Would you reproduce exactly the lines below from the one holding "Headlamp Assembly BMW X3 Right 04 05 060" through the one holding "Apartament cu 3", inclusive, and no others?

(Records from a data source)

-*-

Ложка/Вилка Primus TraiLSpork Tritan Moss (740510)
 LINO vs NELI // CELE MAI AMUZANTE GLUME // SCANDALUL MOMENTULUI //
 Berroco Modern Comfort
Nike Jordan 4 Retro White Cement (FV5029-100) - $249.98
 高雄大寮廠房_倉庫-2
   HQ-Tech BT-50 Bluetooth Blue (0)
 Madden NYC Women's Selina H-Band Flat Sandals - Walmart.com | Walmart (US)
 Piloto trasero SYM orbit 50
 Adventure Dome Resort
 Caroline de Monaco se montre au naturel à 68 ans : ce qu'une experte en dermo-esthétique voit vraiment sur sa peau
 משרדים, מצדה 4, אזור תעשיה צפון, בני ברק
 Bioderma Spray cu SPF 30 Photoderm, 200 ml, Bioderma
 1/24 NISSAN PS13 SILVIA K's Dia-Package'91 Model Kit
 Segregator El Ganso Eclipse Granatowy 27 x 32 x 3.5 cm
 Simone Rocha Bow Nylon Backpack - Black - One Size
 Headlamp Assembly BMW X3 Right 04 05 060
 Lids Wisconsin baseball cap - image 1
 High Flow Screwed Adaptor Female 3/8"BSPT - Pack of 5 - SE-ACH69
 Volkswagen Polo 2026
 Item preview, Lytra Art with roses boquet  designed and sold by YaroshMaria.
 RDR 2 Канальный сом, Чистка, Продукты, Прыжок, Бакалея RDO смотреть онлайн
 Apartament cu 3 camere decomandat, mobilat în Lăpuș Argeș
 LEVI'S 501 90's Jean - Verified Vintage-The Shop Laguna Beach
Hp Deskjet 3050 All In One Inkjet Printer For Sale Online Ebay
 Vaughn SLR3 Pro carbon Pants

-*-

> Exercise result
 Headlamp Assembly BMW X3 Right 04 05 060
 Lids Wisconsin baseball cap - image 1
 High Flow Screwed Adaptor Female 3/8"BSPT - Pack of 5 - SE-ACH69
 Volkswagen Polo 2026
 Item preview, Lytra Art with roses boquet  designed and sold by YaroshMaria.
 RDR 2 Канальный сом, Чистка, Продукты, Прыжок, Бакалея RDO смотреть онлайн
 Apartament cu 3 camere decomandat, mobilat în Lăpuș Argeș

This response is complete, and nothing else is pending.